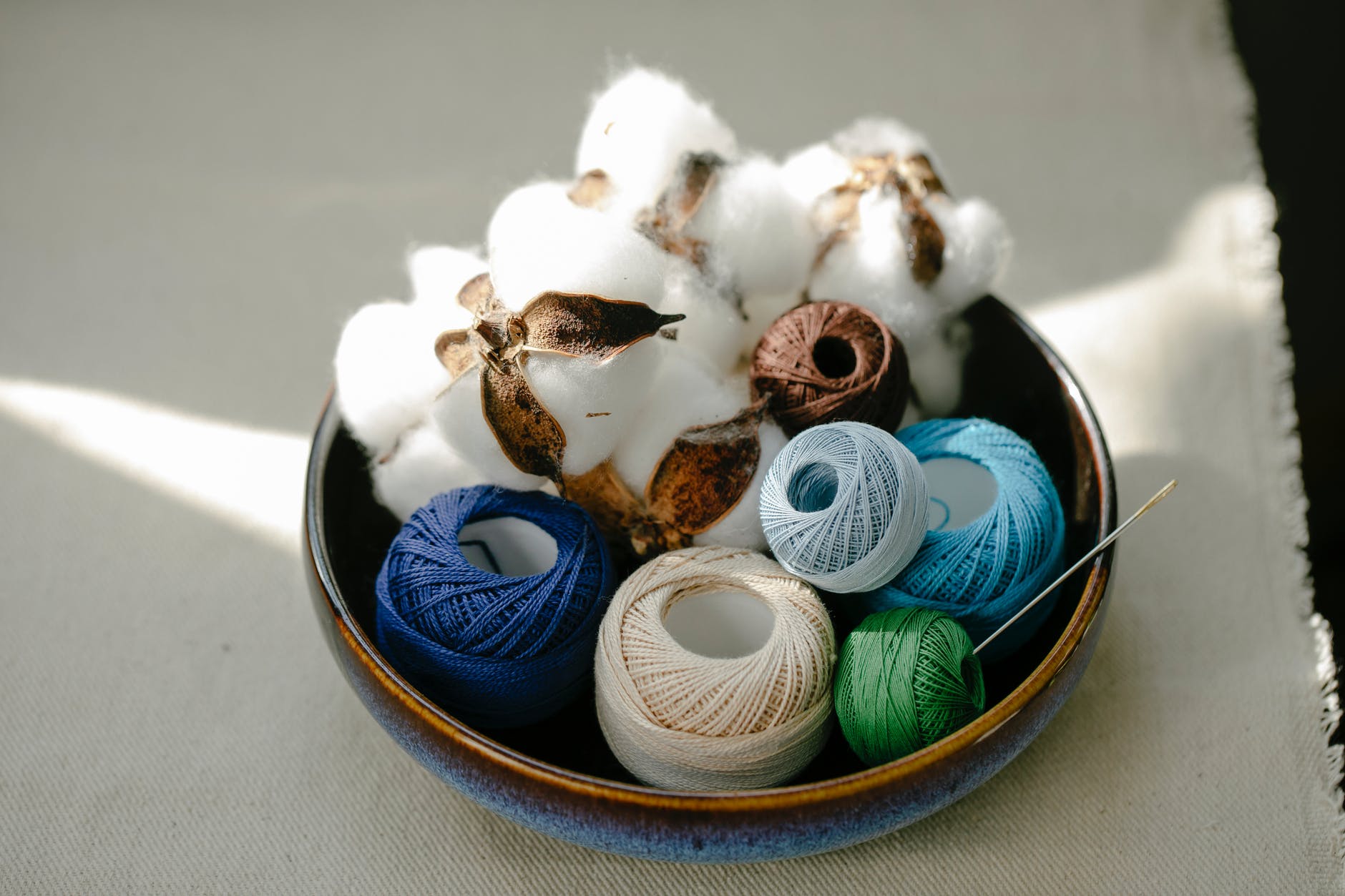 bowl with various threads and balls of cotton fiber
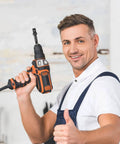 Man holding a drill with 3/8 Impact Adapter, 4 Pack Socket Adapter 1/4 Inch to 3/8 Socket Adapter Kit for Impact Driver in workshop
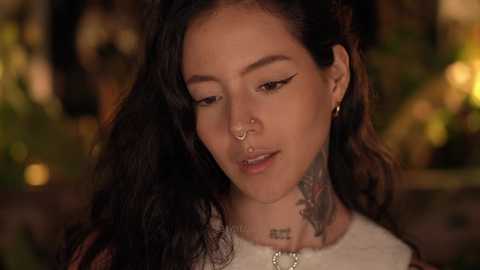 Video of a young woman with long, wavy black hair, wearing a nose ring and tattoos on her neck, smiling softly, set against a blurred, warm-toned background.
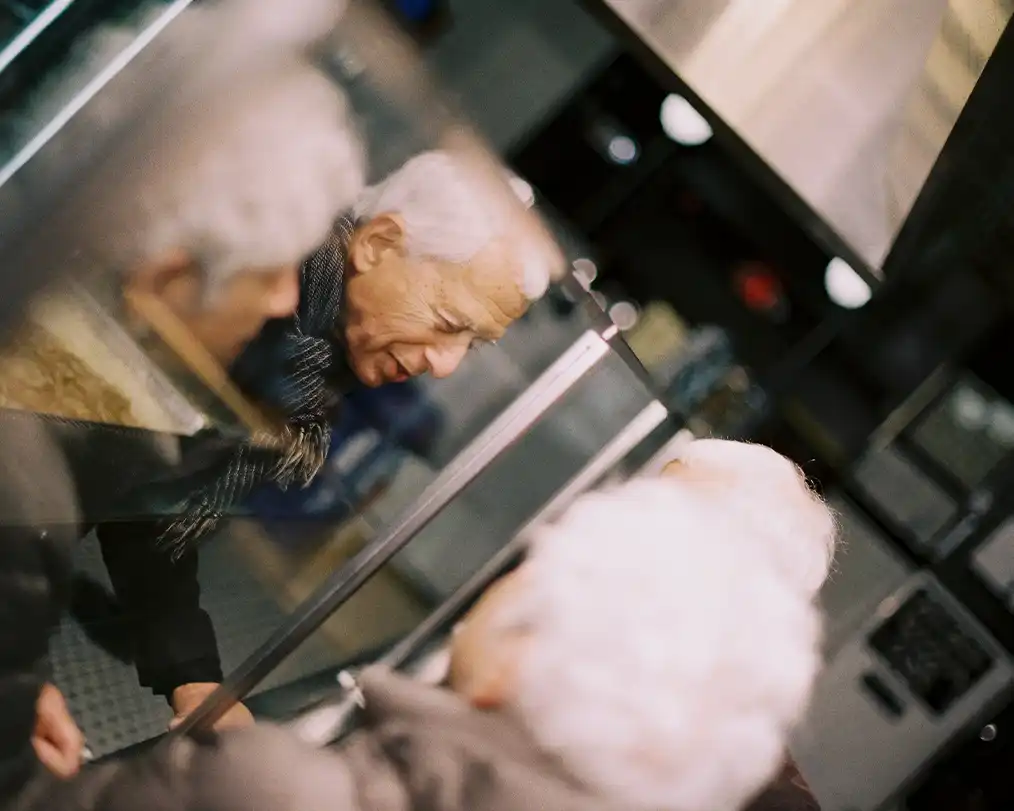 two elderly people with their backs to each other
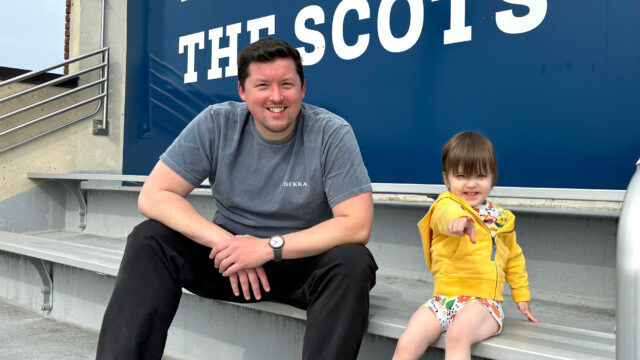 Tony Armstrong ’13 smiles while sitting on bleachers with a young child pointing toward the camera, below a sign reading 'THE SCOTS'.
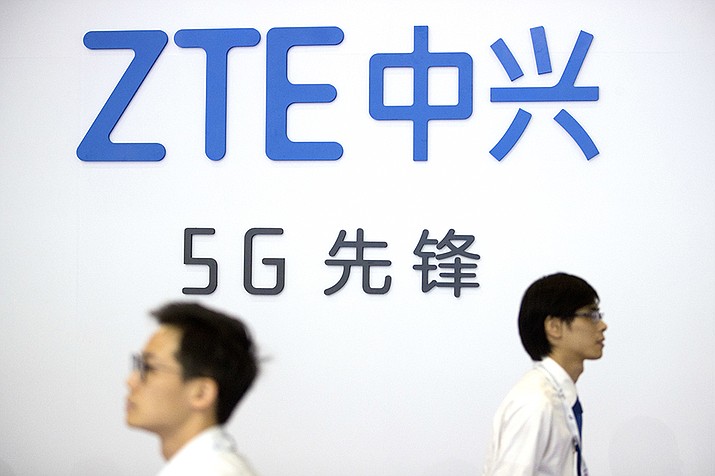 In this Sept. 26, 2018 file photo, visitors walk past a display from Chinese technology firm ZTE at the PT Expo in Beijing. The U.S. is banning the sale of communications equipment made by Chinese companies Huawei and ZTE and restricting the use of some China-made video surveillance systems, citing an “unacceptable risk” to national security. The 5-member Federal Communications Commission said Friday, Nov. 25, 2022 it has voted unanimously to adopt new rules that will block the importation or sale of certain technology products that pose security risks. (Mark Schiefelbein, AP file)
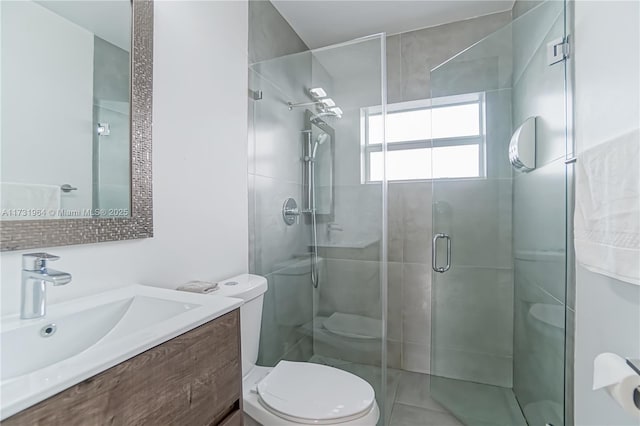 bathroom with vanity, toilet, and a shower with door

********************

* [Task instructions]
Verbatim output of every entry above is required, though pictures are to be left out.

* [Answer to this problem]
 bowl with various threads and balls of cotton fiber
 Man holding a drill with 3/8 Impact Adapter, 4 Pack Socket Adapter 1/4 Inch to 3/8 Socket Adapter Kit for Impact Driver in workshop
 Video of a young woman with long, wavy black hair, wearing a nose ring and tattoos on her neck, smiling softly, set against a blurred, warm-toned background.
 two elderly people with their backs to each other
 Tony Armstrong ’13 smiles while sitting on bleachers with a young child pointing toward the camera, below a sign reading 'THE SCOTS'.
 In this Sept. 26, 2018 file photo, visitors walk past a display from Chinese technology firm ZTE at the PT Expo in Beijing. The U.S. is banning the sale of communications equipment made by Chinese companies Huawei and ZTE and restricting the use of some China-made video surveillance systems, citing an “unacceptable risk” to national security. The 5-member Federal Communications Commission said Friday, Nov. 25, 2022 it has voted unanimously to adopt new rules that will block the importation or sale of certain technology products that pose security risks. (Mark Schiefelbein, AP file)
 bathroom with vanity, toilet, and a shower with door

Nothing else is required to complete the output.